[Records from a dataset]
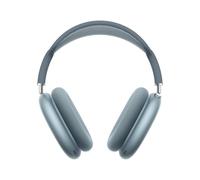Apple Casque circum-auriculaire sans fil AirPods Max 2 – Réduction active du bruit – Bleu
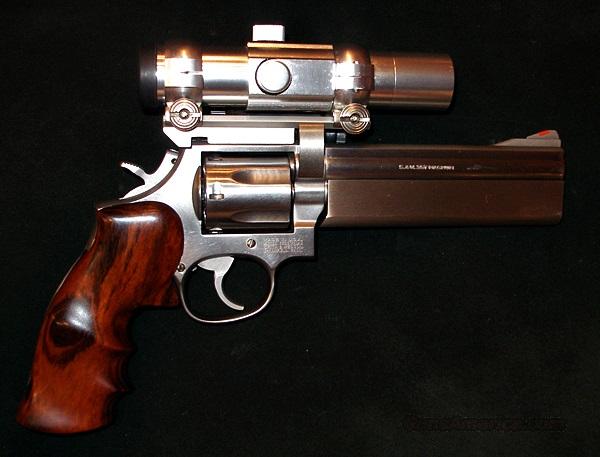 SMITH & WESSON CUSTOM SHOP COMPETIT... for sale at Gunsamerica.com ...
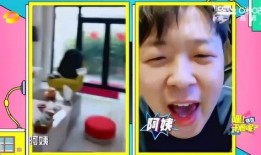 黄子韬爸妈爆料视频全集,揭秘星二代成长幕后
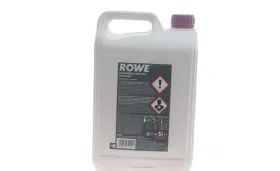 Рідина охолоджуюча HIGHTEC ANTIFREEZE COOLANT AN 12 EVO (5 L)-ROWE-21080005099-2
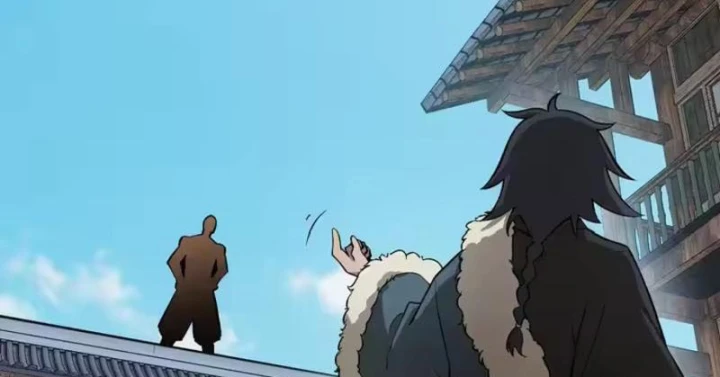 Quang Âm Chi Ngoại Chapter 29 - Trang 5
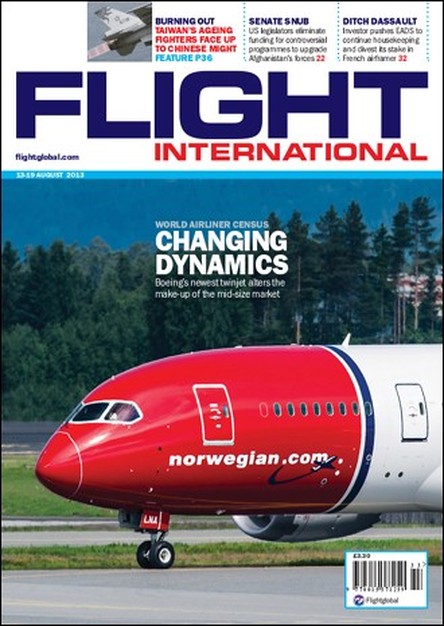 Flight International - 13-19 August 2013(TRUE PDF)
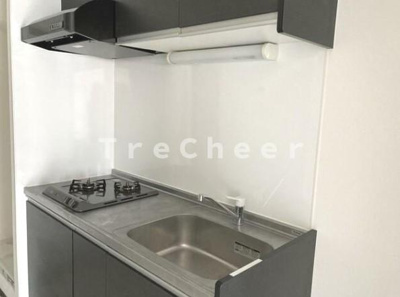 【キッチン】 | 市ヶ谷春日マンション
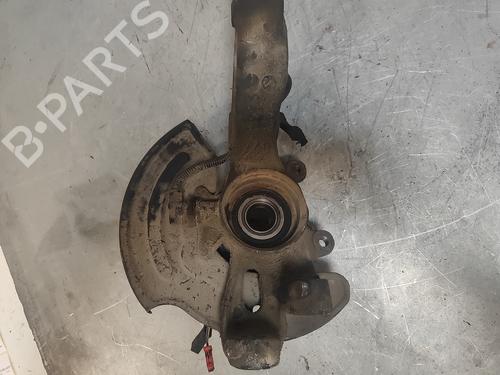 Højre Styrespindel Lejehus VW PASSAT B5.5 (3B3)  | BP15763976M26 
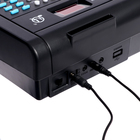 УЦЕНКА Уценка Синтезатор детский «Профи музыкант», звуковые эффекты, микрофон в комплекте, 61 клавиша 10532791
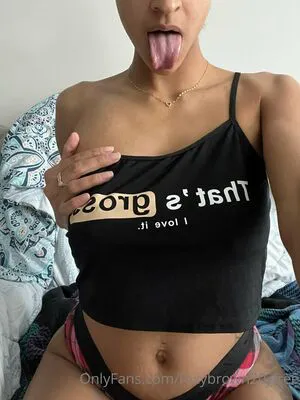 Foxybrown20 Free OnlyFans Leaked Free Thumbnail Picture - #BX4SfHgTT7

#### To do:
Each record should be given again exactly, with no picture carried over.

#### Task output:
Apple Casque circum-auriculaire sans fil AirPods Max 2 – Réduction active du bruit – Bleu
 SMITH & WESSON CUSTOM SHOP COMPETIT... for sale at Gunsamerica.com ...
 黄子韬爸妈爆料视频全集,揭秘星二代成长幕后
 Рідина охолоджуюча HIGHTEC ANTIFREEZE COOLANT AN 12 EVO (5 L)-ROWE-21080005099-2
 Quang Âm Chi Ngoại Chapter 29 - Trang 5
 Flight International - 13-19 August 2013(TRUE PDF)
 【キッチン】 | 市ヶ谷春日マンション
 Højre Styrespindel Lejehus VW PASSAT B5.5 (3B3)  | BP15763976M26 
 УЦЕНКА Уценка Синтезатор детский «Профи музыкант», звуковые эффекты, микрофон в комплекте, 61 клавиша 10532791
 Foxybrown20 Free OnlyFans Leaked Free Thumbnail Picture - #BX4SfHgTT7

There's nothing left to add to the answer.